------ SOURCE RECORDS ------

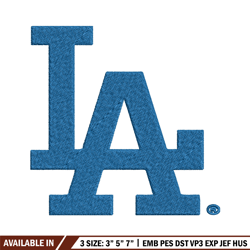 los angeles dodgers logo embroidery, mlb embroidery, sport embroidery, logo embroidery, mlb embroidery design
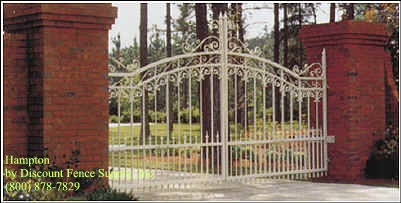 Aluminum fence gates
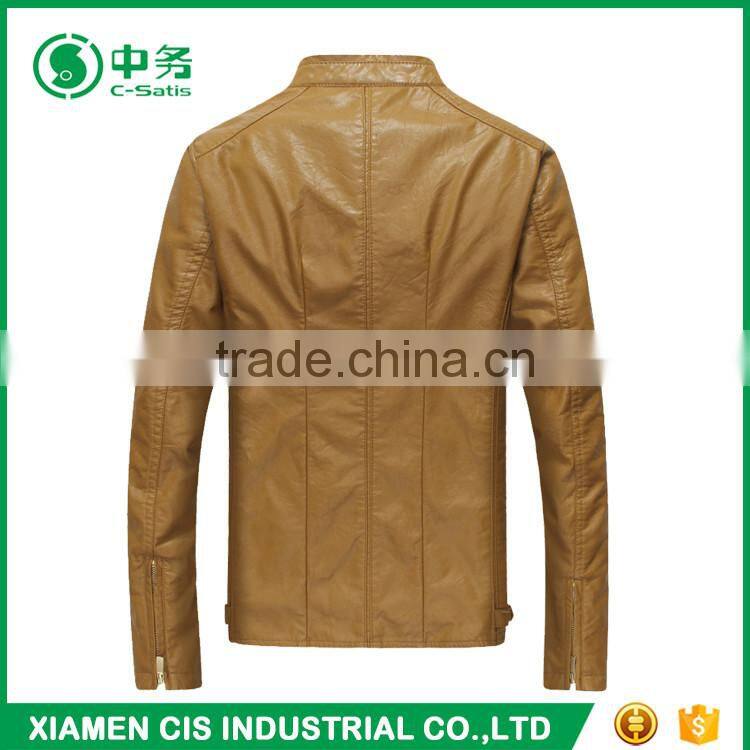 Chinese Manufacturers Sale Fashion Western Mens Leather Jacket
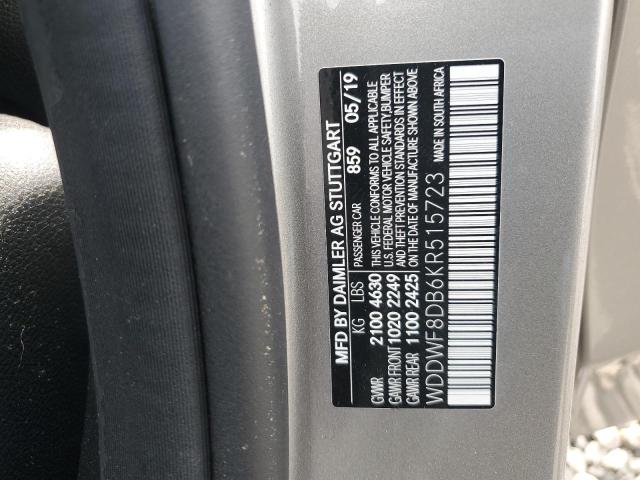 2019 MERCEDES-BENZ C 300 - WDDWF8DB6KR515723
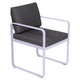 Fermob Bellevie dining armchair tuinstoel Marshmallow - Graphite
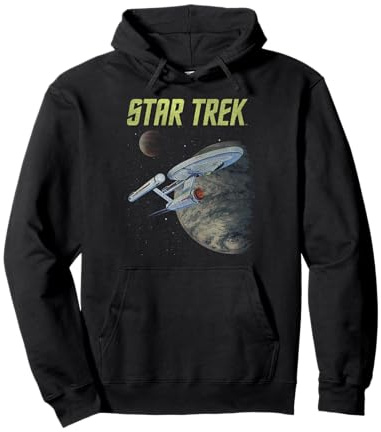 Star Trek: The Original Series Vintage Enterprise Poster Pullover Hoodie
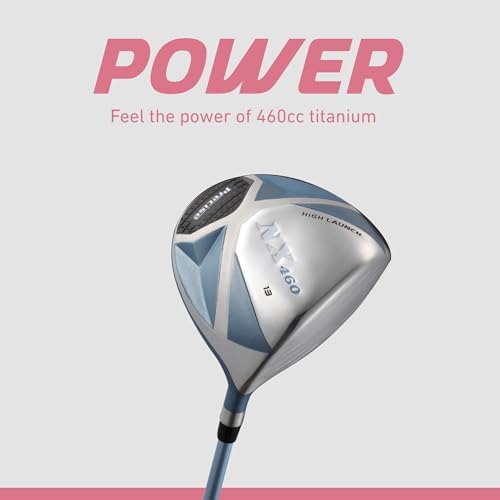 Precise NX460 - Women's Golf Club Set | Ultra-Light Graphite Shafts, Driver, Fairway & Hybrid, 4 Irons, Putter, Stand Bag, Headcovers, Petite To Regular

------

**TASK TO COMPLETE**
Please copy exactly the lines from the one that contains "Aluminum fence gates" through the last line of the listing above, leaving out the pictures.

**RESULT OF THE EXERCISE**
 Aluminum fence gates
 Chinese Manufacturers Sale Fashion Western Mens Leather Jacket
 2019 MERCEDES-BENZ C 300 - WDDWF8DB6KR515723
 Fermob Bellevie dining armchair tuinstoel Marshmallow - Graphite
 Star Trek: The Original Series Vintage Enterprise Poster Pullover Hoodie
 Precise NX460 - Women's Golf Club Set | Ultra-Light Graphite Shafts, Driver, Fairway & Hybrid, 4 Irons, Putter, Stand Bag, Headcovers, Petite To Regular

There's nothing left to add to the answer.